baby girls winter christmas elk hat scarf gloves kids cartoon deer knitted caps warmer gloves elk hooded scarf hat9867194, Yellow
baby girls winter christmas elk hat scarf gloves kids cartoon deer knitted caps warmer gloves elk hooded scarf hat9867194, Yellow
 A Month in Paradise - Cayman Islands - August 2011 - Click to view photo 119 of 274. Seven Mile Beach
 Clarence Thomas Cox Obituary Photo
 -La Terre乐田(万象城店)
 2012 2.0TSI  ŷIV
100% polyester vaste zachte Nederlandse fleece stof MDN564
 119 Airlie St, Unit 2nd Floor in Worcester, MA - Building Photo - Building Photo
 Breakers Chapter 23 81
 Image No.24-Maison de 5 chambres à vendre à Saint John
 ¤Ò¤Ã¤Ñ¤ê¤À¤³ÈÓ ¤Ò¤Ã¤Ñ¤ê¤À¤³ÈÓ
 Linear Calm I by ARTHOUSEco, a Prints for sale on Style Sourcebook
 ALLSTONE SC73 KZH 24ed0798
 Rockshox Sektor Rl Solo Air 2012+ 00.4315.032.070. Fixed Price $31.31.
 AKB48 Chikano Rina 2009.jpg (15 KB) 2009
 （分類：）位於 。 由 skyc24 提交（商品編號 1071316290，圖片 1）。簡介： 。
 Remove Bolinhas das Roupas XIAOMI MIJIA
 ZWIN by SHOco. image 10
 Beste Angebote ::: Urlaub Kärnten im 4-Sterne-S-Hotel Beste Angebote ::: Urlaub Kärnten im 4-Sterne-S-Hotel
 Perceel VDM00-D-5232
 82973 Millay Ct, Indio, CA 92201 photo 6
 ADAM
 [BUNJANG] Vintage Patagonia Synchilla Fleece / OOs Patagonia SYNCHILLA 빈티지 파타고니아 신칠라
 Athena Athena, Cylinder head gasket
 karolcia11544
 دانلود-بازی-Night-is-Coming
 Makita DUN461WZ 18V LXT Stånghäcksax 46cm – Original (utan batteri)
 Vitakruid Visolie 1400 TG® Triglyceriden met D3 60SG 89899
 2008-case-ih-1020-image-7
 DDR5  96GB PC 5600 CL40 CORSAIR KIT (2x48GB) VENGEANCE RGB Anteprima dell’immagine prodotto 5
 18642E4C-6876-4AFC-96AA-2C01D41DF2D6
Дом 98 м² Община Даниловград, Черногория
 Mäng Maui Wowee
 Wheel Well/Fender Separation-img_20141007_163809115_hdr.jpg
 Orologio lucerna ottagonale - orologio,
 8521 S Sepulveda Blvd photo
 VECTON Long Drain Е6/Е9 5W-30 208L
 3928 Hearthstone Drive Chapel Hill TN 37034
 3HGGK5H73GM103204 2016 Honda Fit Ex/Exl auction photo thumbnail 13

THE PROBLEM: The response must hold only the lines above from the line with "ZWIN by SHOco. image 10" through the line with "Makita DUN461WZ 18V", each copied exactly, both ends kept.

FINISHED TASK:
 ZWIN by SHOco. image 10
 Beste Angebote ::: Urlaub Kärnten im 4-Sterne-S-Hotel Beste Angebote ::: Urlaub Kärnten im 4-Sterne-S-Hotel
 Perceel VDM00-D-5232
 82973 Millay Ct, Indio, CA 92201 photo 6
 ADAM
 [BUNJANG] Vintage Patagonia Synchilla Fleece / OOs Patagonia SYNCHILLA 빈티지 파타고니아 신칠라
 Athena Athena, Cylinder head gasket
 karolcia11544
 دانلود-بازی-Night-is-Coming
 Makita DUN461WZ 18V LXT Stånghäcksax 46cm – Original (utan batteri)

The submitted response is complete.